- [What you have to do]
Make an exact copy of the lines from the one containing "2026 RAM 2500 — rear three-quarter view" through the end of the material, including both ends but no pictures.

┌─ Provided data

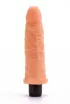 LOVETOY élethű vibrátor 8.5'' Real Feel Cyberskin Vibrator - realisztikus, vízálló, elemes, cyberskin (21 cm)
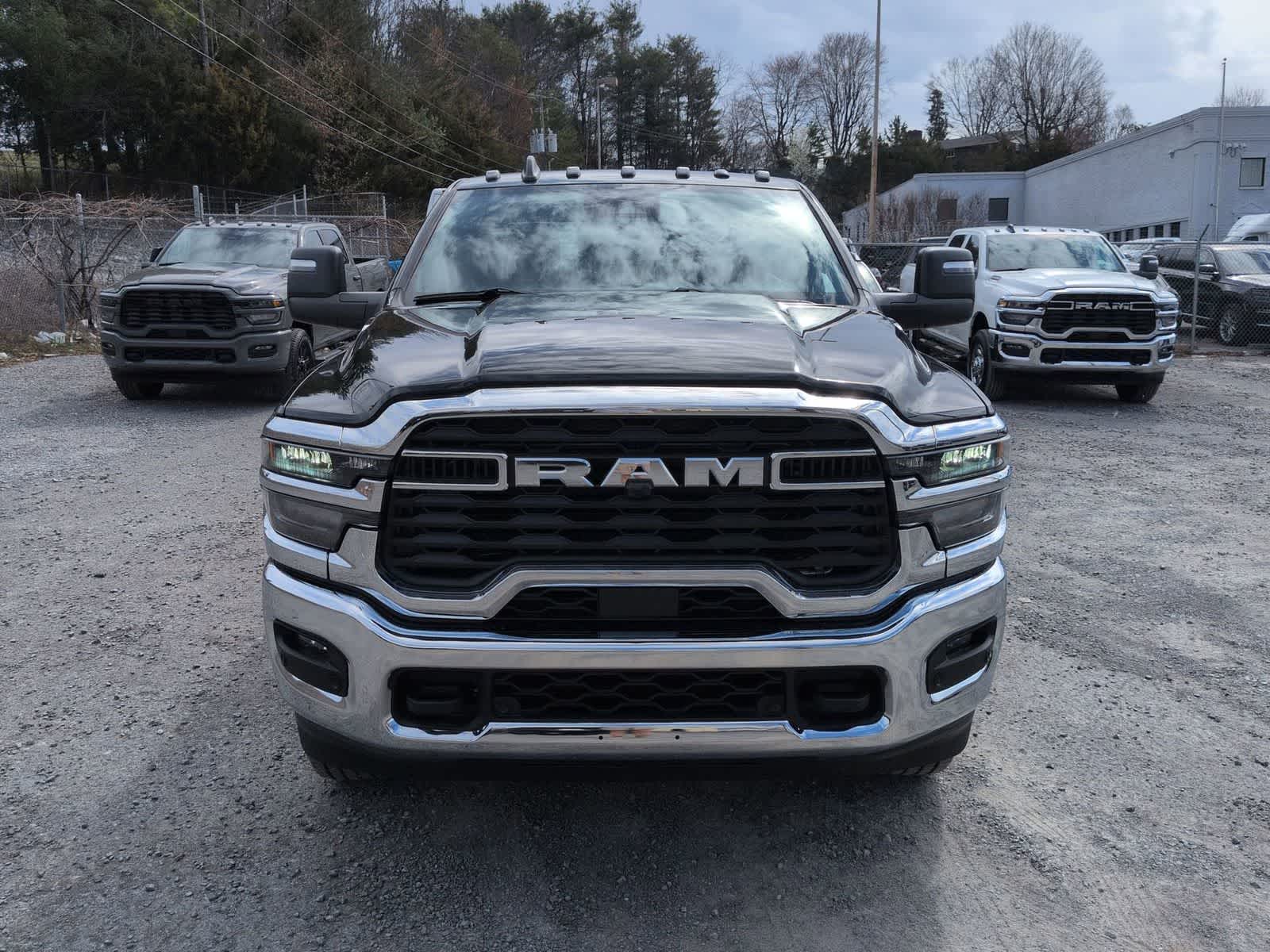 2026 RAM 2500 — rear three-quarter view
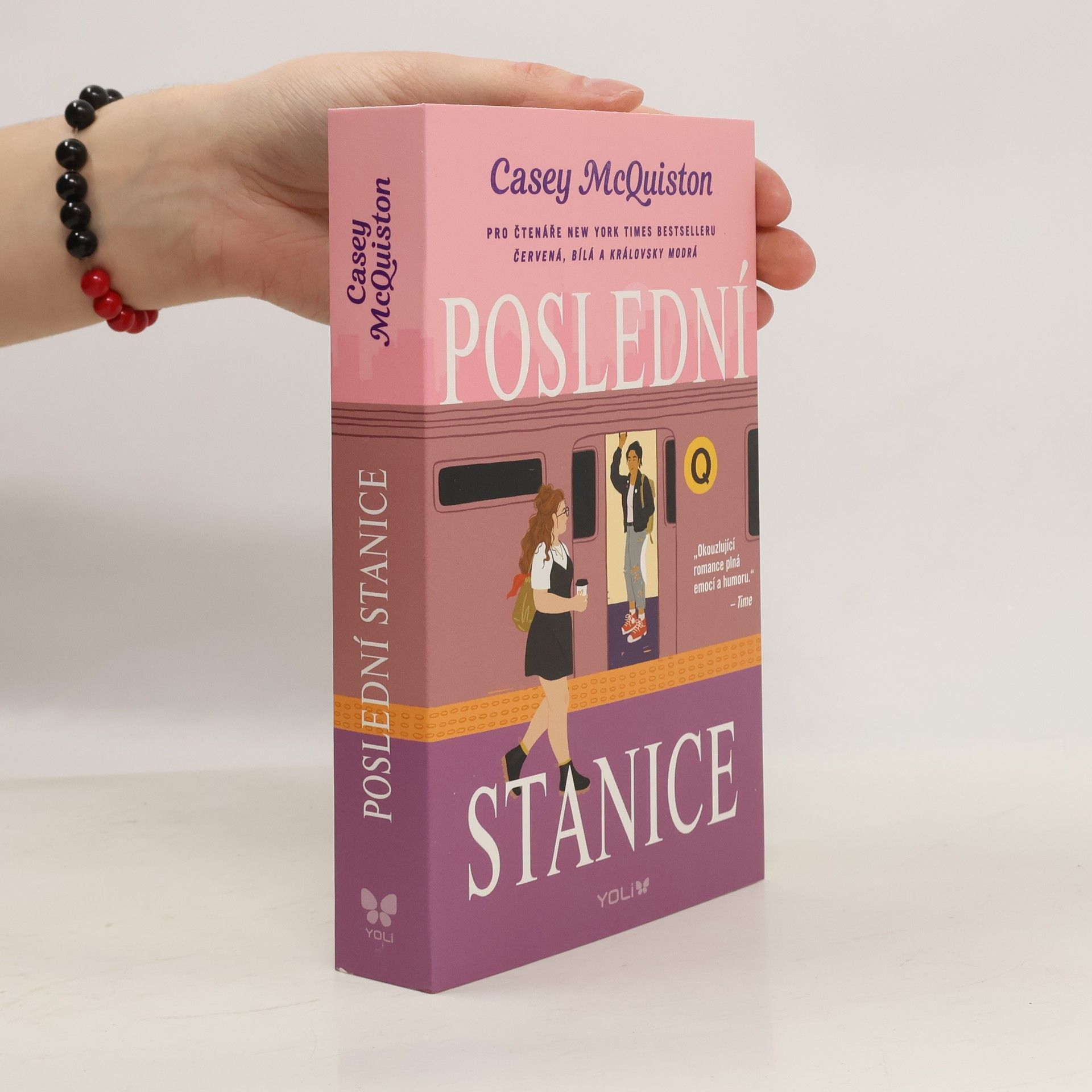 Casey McQuiston Poslední stanice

└─

- [Problem solution]
 2026 RAM 2500 — rear three-quarter view
 Casey McQuiston Poslední stanice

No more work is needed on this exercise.